▸ **DATA PROVIDED**:
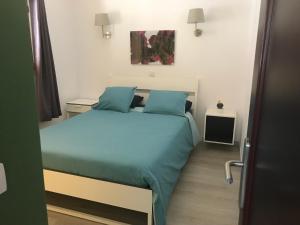 sypialnia z łóżkiem z niebieskimi poduszkami w obiekcie Los Panelos B1 w Puerto del Carmen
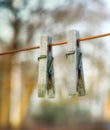 Two wooden washing pegs on a line.Two old wooden clothespins hanging on a washing line in a sunny garden. Old fashioned Royalty Free Stock Photo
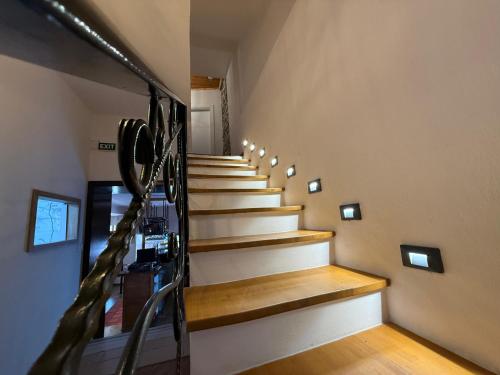 a winding staircase in a house with wooden floors at Submarine 105 Rooms in Gjirokastër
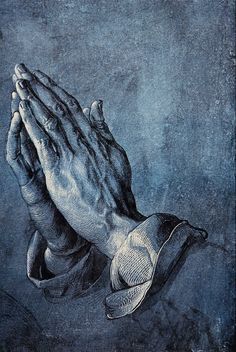 an image of two hands folded in prayer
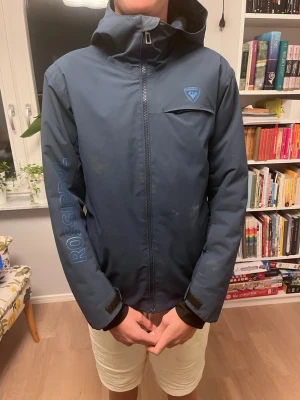 Blå vindjacka från Rossignol - Snygg blå vinterjacka från Rossignol med huva och dragkedja framtill. Jackan har en bröstficka med logga, justerbara muddar med kardborre och stort Rossignol-tryck på ena ärmen. Perfekt för blåsiga och kalla vinterdagar och outdoor-aktiviteter.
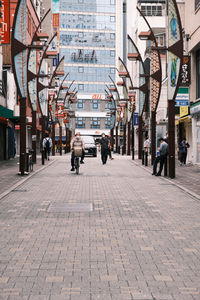 People on street amidst buildings in city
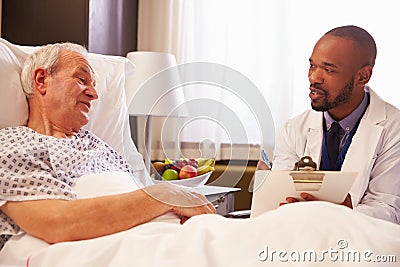 Doctor Talking To Senior Male Patient In Hospital Bed Stock Photo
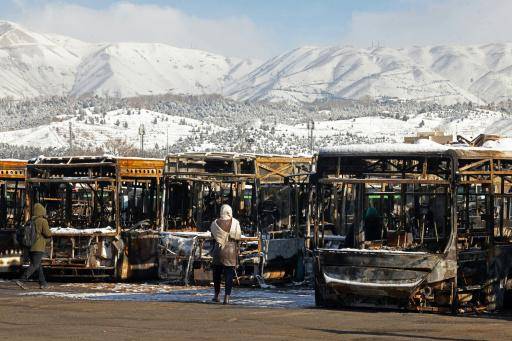 Esta fotografía de archivo, tomada durante una visita guiada para medios extranjeros, muestra unos buses estacionados que fueron incendiados en una cochera durante las protestas en Teherán, el 21 de enero de 2026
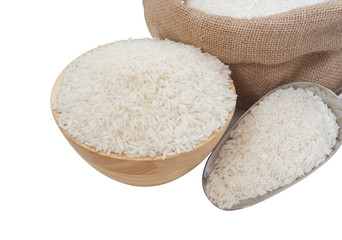 Rice in wooden bowl and in burlap sack with metallic scoop isolated on white background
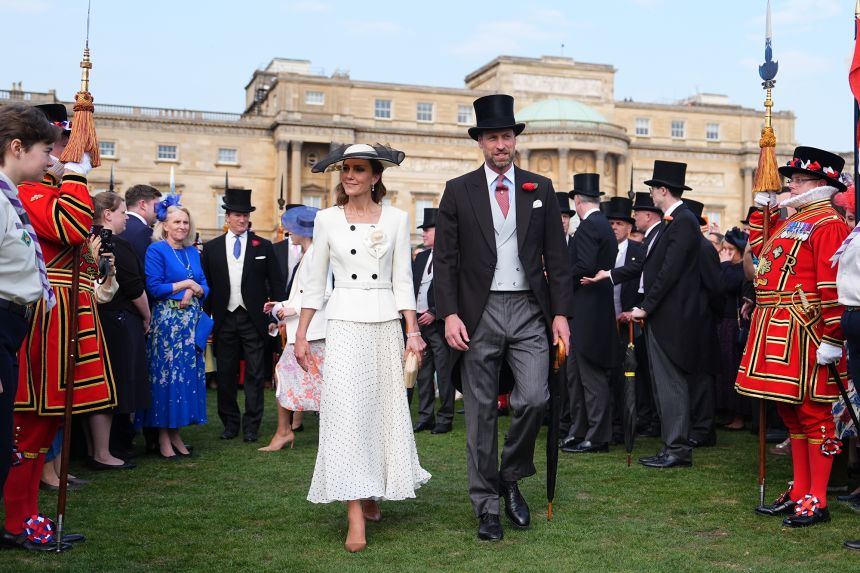 Catherine and William are pictured at a garden party in May.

▸ **EXERCISE DESCRIPTION**: Take the line with "Esta fotografía de" and every line after it through the end of the data, and write only them out exactly, leaving out the pictures.

▸ **TASK ANSWER**:
 Esta fotografía de archivo, tomada durante una visita guiada para medios extranjeros, muestra unos buses estacionados que fueron incendiados en una cochera durante las protestas en Teherán, el 21 de enero de 2026
 Rice in wooden bowl and in burlap sack with metallic scoop isolated on white background
 Catherine and William are pictured at a garden party in May.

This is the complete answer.